Amid warnings of a Trump-Putin stitch-up that betrays President Zelenskyy, the Tory leader had been missing in action, even neglecting to mention Ukraine in a conference speech this week.

Now she has spoken out, finally. But in a contradictory statement, she said President Trump was wrong to claim that Zelenskyy is a dictator but right that Europe needs to pull its weight.

Politics latest – Lammy urged to call out Trump attack on Zelenskyy

Then she said that under successive prime ministers the Conservatives had, and always would, stand with Ukraine, whereas Starmer should boost defence spending and “show some leadership”.

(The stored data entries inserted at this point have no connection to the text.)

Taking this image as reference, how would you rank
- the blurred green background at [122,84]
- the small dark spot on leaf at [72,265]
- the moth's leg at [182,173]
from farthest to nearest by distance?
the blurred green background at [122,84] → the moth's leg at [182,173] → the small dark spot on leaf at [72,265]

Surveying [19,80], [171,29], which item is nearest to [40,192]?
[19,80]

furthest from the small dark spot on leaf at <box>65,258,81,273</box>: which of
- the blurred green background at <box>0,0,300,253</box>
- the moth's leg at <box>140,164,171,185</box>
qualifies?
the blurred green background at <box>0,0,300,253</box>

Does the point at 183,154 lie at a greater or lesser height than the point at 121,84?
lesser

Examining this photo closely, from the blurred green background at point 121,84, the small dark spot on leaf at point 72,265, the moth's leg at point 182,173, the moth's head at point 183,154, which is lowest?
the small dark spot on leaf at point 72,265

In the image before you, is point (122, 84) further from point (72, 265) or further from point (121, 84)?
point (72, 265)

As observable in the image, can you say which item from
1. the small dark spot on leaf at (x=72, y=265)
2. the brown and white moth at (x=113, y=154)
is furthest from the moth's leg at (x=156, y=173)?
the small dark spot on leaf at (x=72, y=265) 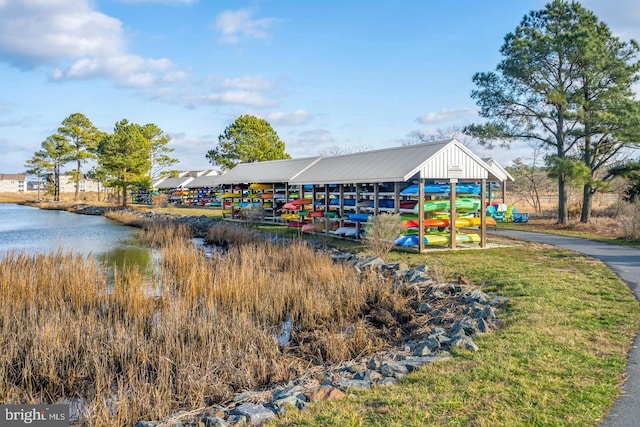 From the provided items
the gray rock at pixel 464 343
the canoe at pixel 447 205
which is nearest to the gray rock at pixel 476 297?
the gray rock at pixel 464 343

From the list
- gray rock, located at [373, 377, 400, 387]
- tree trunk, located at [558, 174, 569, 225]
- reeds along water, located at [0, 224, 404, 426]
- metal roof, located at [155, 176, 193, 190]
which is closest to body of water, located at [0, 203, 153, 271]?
reeds along water, located at [0, 224, 404, 426]

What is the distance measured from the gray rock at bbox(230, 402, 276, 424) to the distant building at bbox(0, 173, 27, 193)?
13852cm

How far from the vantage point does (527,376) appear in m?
5.03

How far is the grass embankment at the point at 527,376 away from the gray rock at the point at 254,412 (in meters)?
0.20

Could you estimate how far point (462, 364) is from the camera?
216 inches

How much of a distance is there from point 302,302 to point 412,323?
2068 millimetres

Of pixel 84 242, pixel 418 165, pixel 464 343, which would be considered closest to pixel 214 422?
pixel 464 343

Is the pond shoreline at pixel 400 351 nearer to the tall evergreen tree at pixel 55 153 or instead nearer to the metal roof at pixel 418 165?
the metal roof at pixel 418 165

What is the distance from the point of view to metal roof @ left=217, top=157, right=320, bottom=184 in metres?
24.1

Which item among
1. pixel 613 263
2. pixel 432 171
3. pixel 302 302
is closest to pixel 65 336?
pixel 302 302

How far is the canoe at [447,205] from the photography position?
14.6m

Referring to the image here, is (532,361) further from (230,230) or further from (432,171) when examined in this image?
(230,230)

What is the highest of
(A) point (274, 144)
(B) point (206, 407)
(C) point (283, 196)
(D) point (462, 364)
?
(A) point (274, 144)

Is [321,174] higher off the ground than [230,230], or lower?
higher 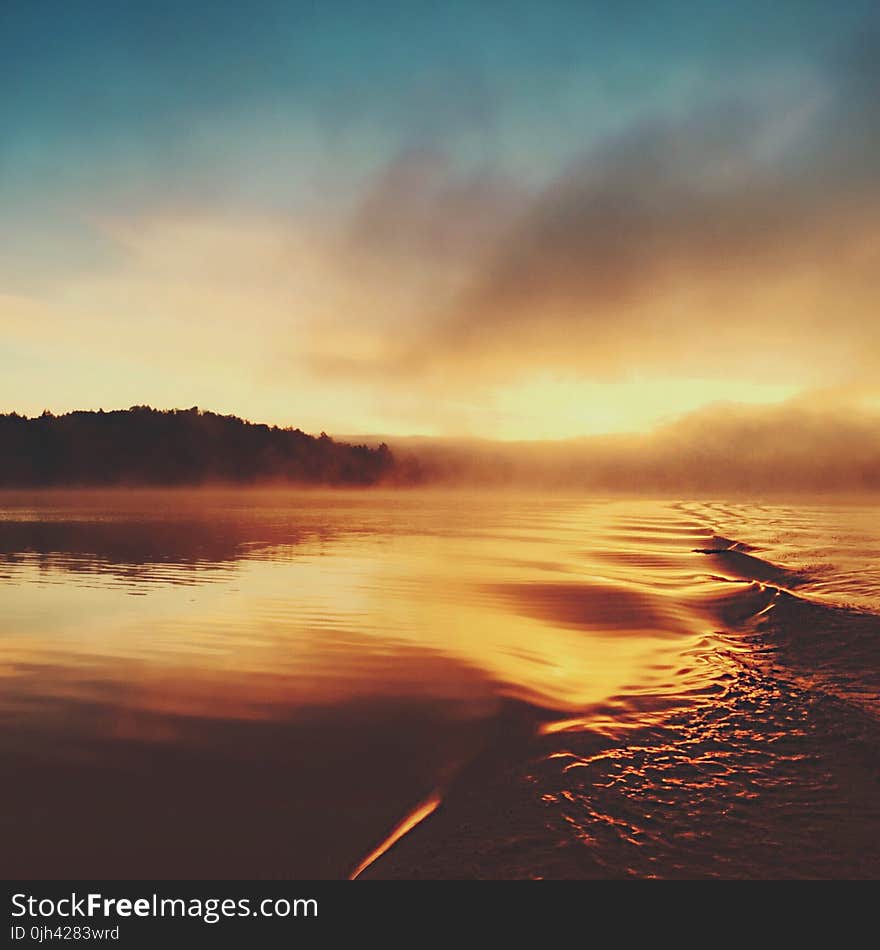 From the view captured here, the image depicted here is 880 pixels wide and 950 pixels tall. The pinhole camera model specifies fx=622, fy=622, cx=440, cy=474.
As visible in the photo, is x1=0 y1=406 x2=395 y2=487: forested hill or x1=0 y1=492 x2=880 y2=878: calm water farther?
x1=0 y1=406 x2=395 y2=487: forested hill

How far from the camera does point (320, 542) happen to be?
25844mm

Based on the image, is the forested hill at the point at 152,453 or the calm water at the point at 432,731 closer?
the calm water at the point at 432,731

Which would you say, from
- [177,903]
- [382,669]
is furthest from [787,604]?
[177,903]

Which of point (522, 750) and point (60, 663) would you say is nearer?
point (522, 750)

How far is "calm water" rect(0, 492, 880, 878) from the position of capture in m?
4.29

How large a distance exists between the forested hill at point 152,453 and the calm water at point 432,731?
160782 millimetres

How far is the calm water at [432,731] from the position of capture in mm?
4289

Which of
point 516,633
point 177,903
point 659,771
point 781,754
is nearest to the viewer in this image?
point 177,903

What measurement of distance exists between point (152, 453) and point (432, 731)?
7100 inches

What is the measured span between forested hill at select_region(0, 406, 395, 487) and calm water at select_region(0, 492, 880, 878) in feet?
527

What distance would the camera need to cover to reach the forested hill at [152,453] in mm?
156000

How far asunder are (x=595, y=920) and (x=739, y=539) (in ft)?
102

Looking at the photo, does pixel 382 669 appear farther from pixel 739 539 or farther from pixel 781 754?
pixel 739 539

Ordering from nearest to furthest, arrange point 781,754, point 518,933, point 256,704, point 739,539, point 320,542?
point 518,933, point 781,754, point 256,704, point 320,542, point 739,539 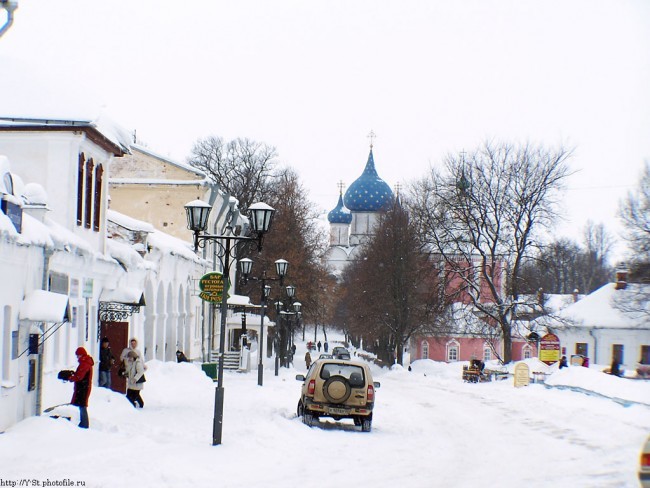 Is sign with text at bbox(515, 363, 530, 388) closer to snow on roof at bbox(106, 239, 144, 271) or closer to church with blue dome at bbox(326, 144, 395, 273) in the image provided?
snow on roof at bbox(106, 239, 144, 271)

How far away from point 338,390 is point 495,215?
99.2 feet

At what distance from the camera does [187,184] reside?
45.5 meters

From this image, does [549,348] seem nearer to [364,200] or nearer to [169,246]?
[169,246]

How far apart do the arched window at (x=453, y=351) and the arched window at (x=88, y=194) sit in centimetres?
5770

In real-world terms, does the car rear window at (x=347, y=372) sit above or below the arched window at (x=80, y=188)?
below

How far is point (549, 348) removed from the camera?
39.7 metres

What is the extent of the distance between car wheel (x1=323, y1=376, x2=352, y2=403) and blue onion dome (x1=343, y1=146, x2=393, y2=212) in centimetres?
9950

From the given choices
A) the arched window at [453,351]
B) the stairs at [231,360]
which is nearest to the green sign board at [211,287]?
the stairs at [231,360]

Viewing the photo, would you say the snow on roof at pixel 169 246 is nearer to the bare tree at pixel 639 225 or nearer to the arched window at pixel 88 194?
the arched window at pixel 88 194

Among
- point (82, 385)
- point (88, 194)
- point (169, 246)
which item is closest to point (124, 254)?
point (88, 194)

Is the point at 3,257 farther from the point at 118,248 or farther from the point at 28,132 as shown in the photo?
the point at 118,248

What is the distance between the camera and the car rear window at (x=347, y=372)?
65.6 feet

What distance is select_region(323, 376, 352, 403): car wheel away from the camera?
64.7 feet

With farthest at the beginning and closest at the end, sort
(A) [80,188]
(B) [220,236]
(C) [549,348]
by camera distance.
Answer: (C) [549,348] < (A) [80,188] < (B) [220,236] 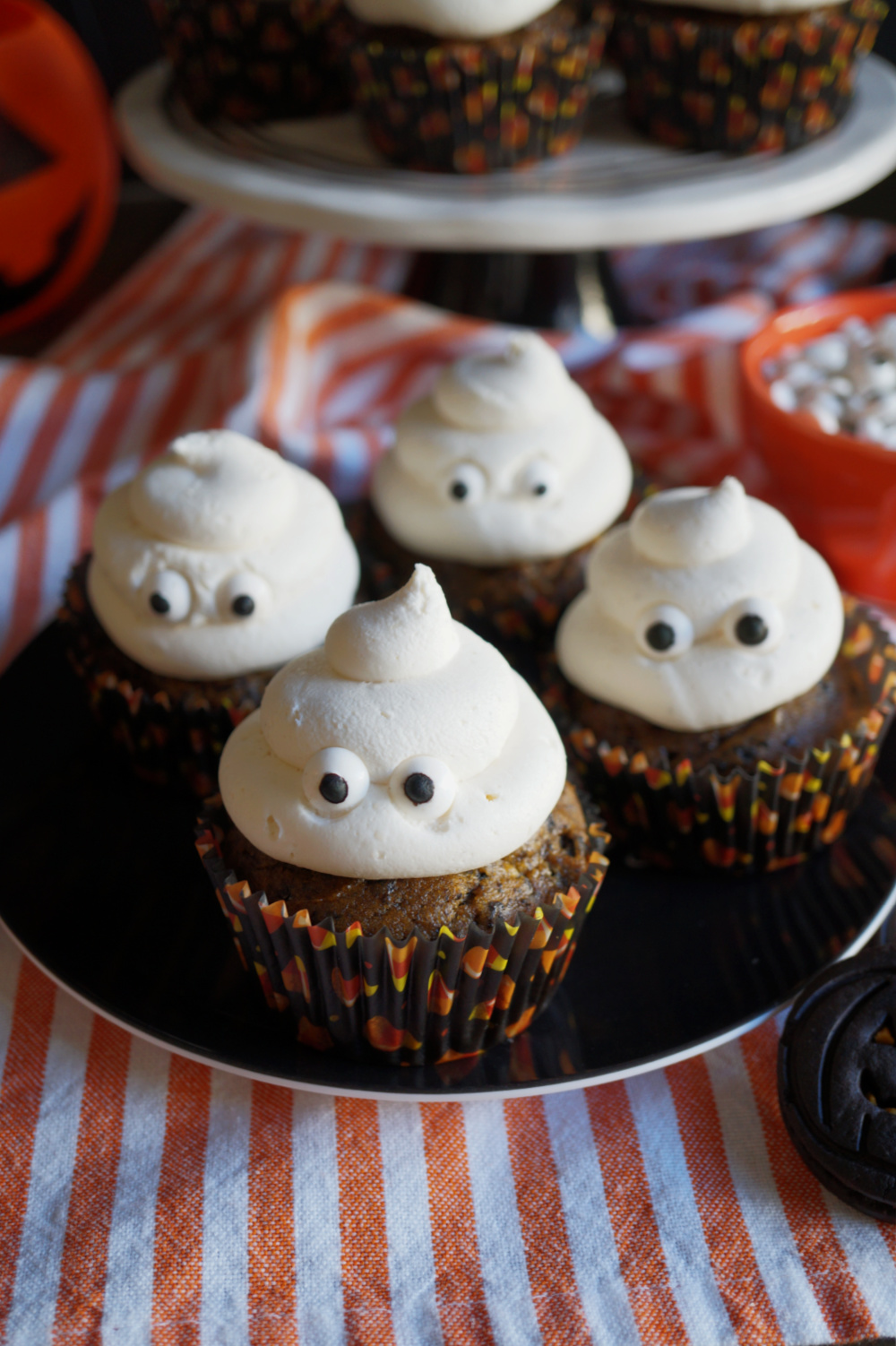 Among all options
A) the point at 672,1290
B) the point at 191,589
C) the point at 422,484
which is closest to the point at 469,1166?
the point at 672,1290

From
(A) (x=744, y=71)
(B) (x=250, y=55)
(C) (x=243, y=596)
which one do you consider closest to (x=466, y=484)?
(C) (x=243, y=596)

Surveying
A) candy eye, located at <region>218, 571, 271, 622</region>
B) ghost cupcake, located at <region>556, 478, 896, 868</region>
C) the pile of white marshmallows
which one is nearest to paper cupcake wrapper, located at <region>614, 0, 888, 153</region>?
the pile of white marshmallows

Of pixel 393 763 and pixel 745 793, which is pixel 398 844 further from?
pixel 745 793

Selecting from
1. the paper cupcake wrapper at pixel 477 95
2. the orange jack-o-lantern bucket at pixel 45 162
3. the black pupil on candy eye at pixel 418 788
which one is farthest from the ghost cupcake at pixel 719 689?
the orange jack-o-lantern bucket at pixel 45 162

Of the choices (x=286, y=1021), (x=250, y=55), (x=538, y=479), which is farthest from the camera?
(x=250, y=55)

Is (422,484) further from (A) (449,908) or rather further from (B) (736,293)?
(B) (736,293)

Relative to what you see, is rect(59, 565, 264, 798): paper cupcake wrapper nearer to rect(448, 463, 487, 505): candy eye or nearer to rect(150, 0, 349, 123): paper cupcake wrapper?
rect(448, 463, 487, 505): candy eye

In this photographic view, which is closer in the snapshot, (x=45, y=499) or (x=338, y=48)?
(x=338, y=48)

Perhaps she was goaded into breaking her silence by the typically flamboyant words of one of those successive Tory prime ministers, Boris Johnson, and attacks by the Lib Dem leader Sir Ed Davey.

Mr Johnson, a cheerleader for both President Zelenskyy and President Trump since he was PM, tried to have it both ways too, criticising the US president’s wild claims but backing his motives.

“Trump’s statements are not intended to be historically accurate but to shock Europeans into action,” he said in a pithy statement on Trump buddy Elon Musk’s X.

But at least Mr Johnson came up with a sensible suggestion: unfreeze the hundreds of billions of dollars in frozen Russian assets being blocked by Belgium, France and other counties.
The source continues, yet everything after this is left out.